Erlang Thursday – lists:seq

My goal of these Erlang Thursday’s for the next while will be to show off the “corresponding” functions in Erlang for the Ruby methods I highlight on Tuesday. I am hoping that by having these Erlang Thursday line up with the Ruby Tuesday for the week, that I can make Erlang be less foreign and intimidating by establishing a common thread of discussion.

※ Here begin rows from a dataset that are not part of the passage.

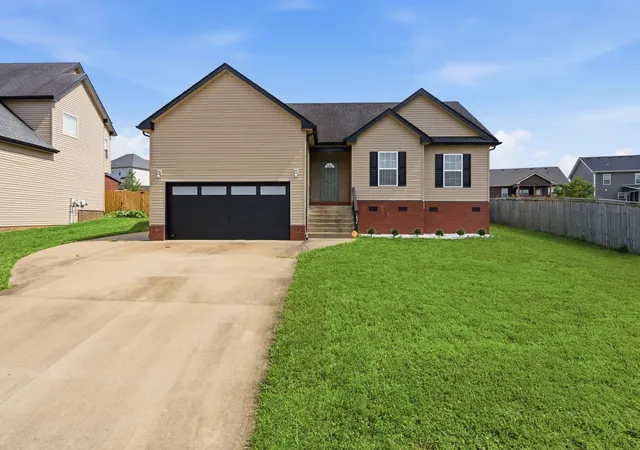 1st image of 1854 Macarther Way, Clarksville, TN 37042 | MLS# 3263071
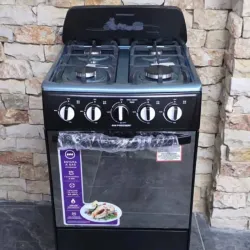 Cocina de horno Premier 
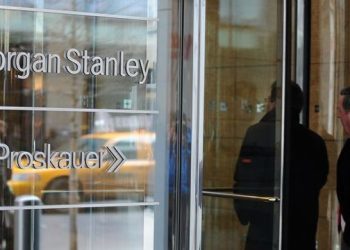 Morgan Stanley: Yapay zeka güdümlü ralli 2019 yılıyla benzerlikler taşıyor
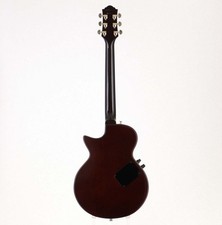 Guitarra eléctrica acústica Guild Songbird NT Thin Body 1993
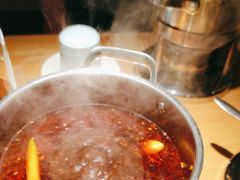 -寻滇记云南鲜牛肉火锅(北海路店)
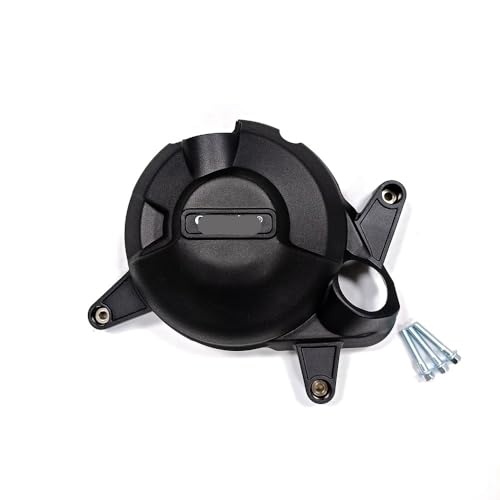 Carter couvercle protection moteur haut de gamme pour moto MT-03 et YZF-R3 2024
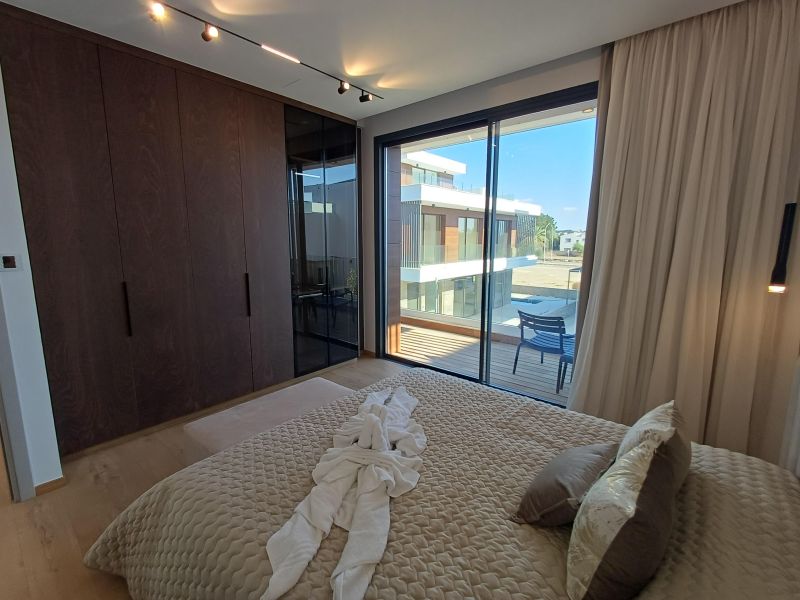 Вилла в Пафосе, Кипр, 198 м² - фото 15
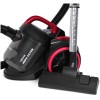 Пылесос STARWIND SCV3410 1800Вт черный/бордовый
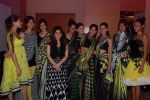 Archana Kochhar at Lakme Fashion week fittings on 30th July 2012 (57).JPG
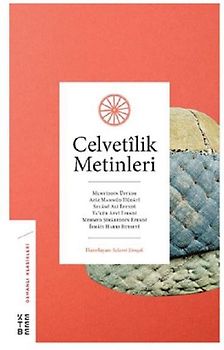 Celvetlik Metinleri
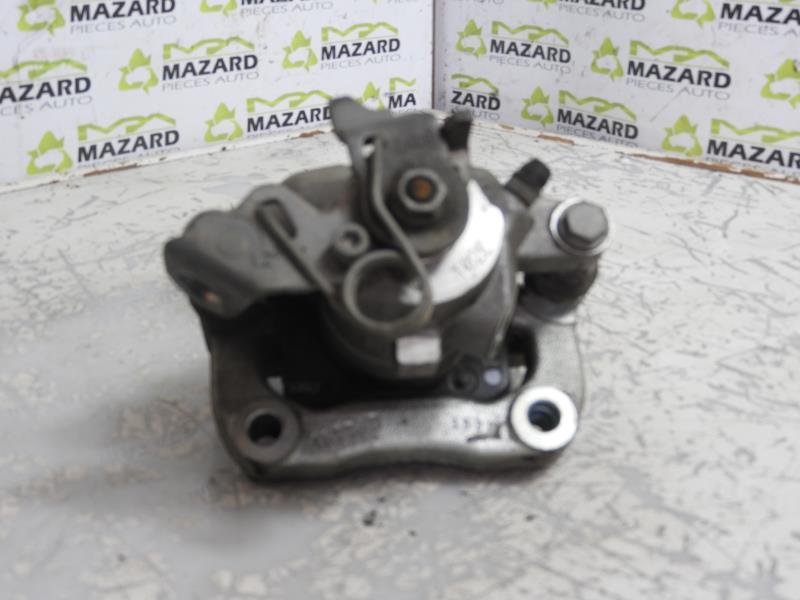 Pinza freni posteriore sinistra PEUGEOT 208 1 PHASE 2 Gasolina - 1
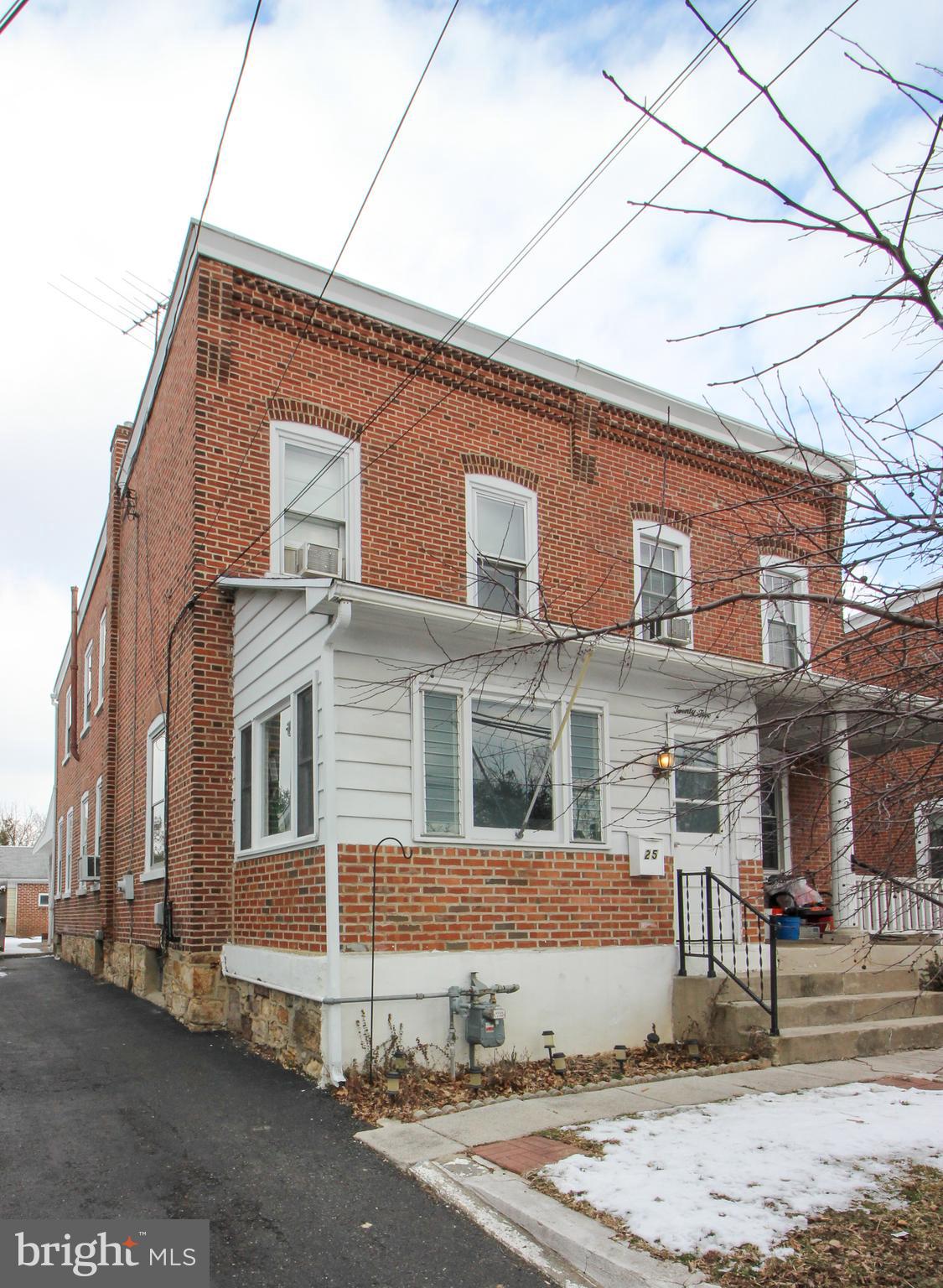 25 Egypt Road Norristown, PA 19403 - Photo 23 of 28 Exterior Front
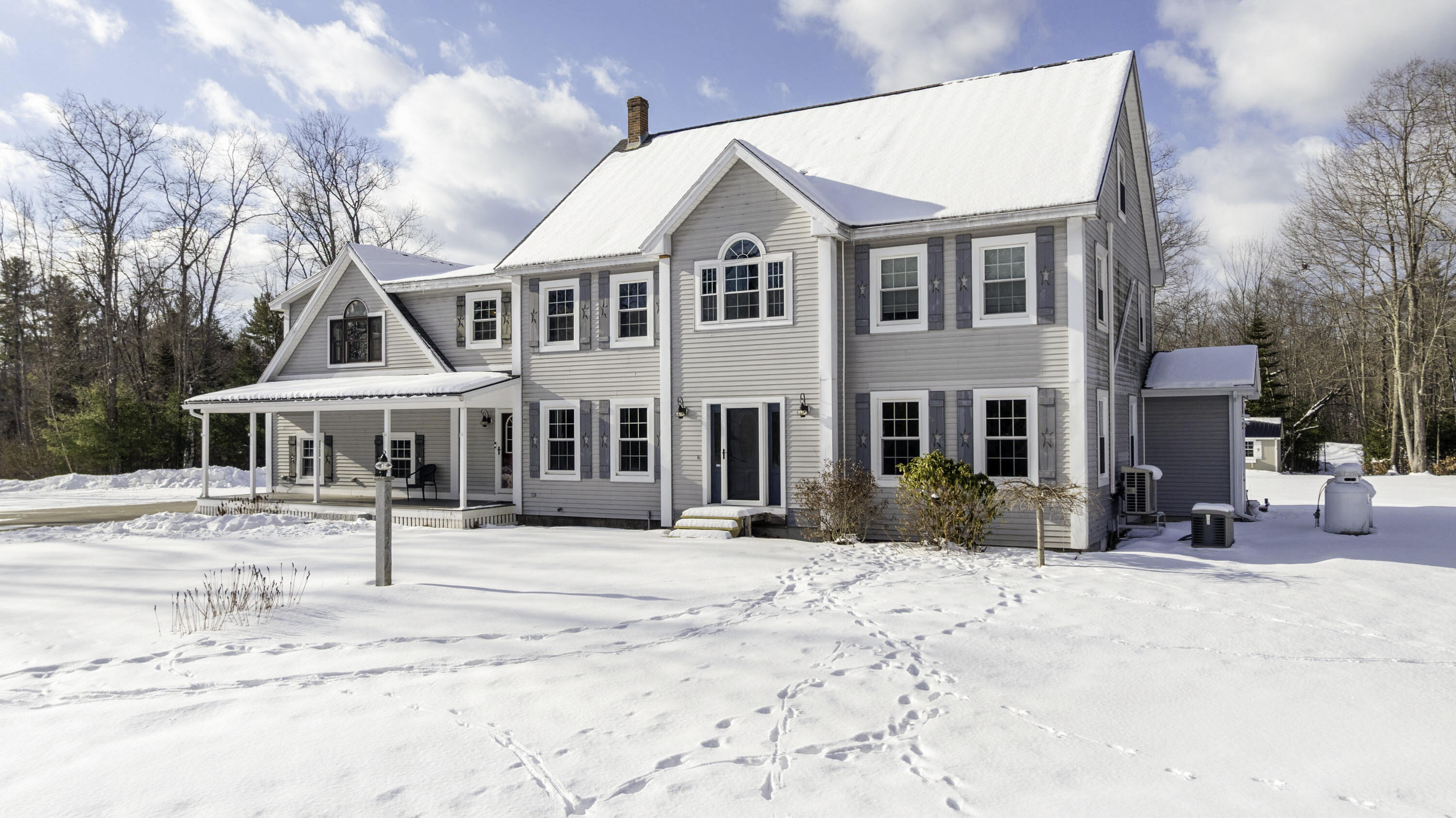 586 Richville Road Standish, ME 04084 - Photo 43 of 50 pic-75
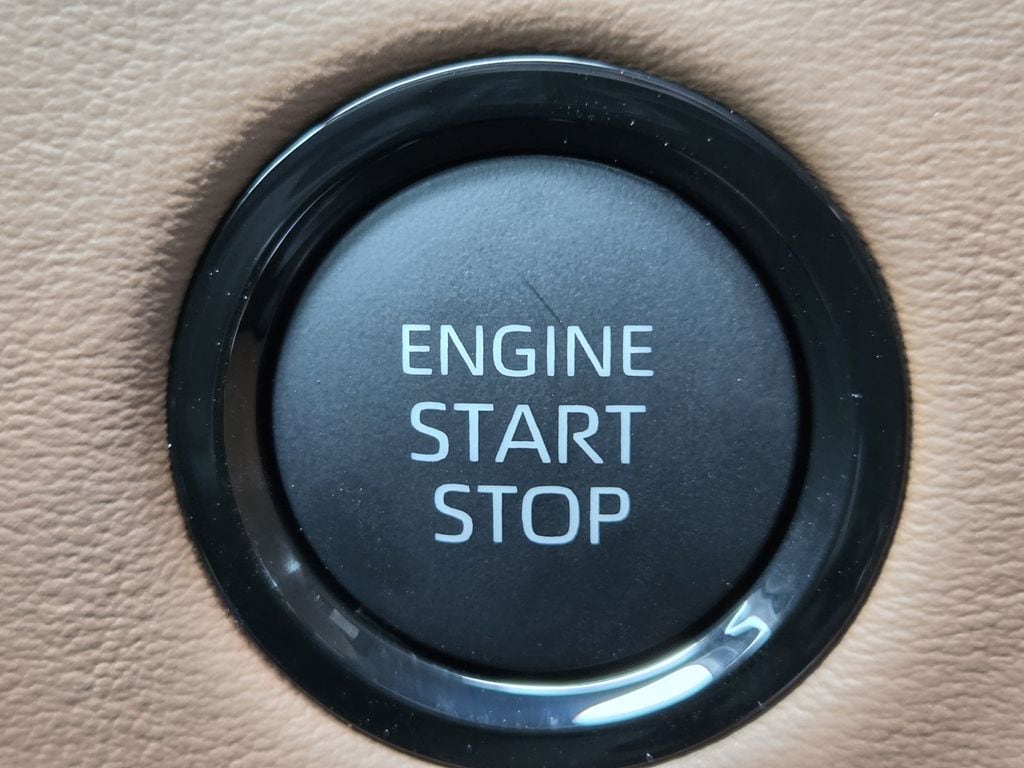 New 2026 Lunar Rock Toyota 1794 Edition image 21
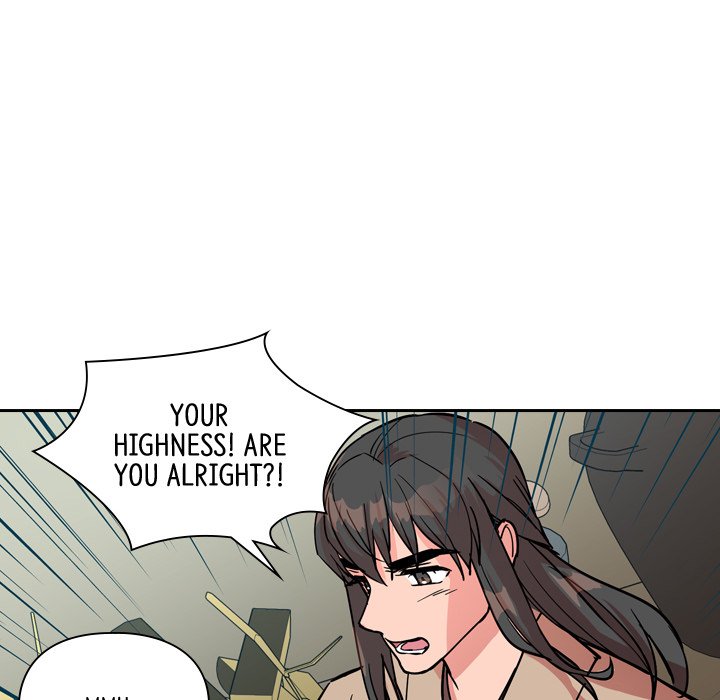 The Princess's Guard - episode 43 - 41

I would love to know your thoughts on how well this secondary goal is working for you the reader.

That being said, since I talked about Ruby’s Range this week, today’s Erlang function is lists:seq/2 and lists:seq/3.

If you remember from the sidebar of last weeks Erlang Thursday, the number at the end of the function name means the arity (number of arguments) of the function.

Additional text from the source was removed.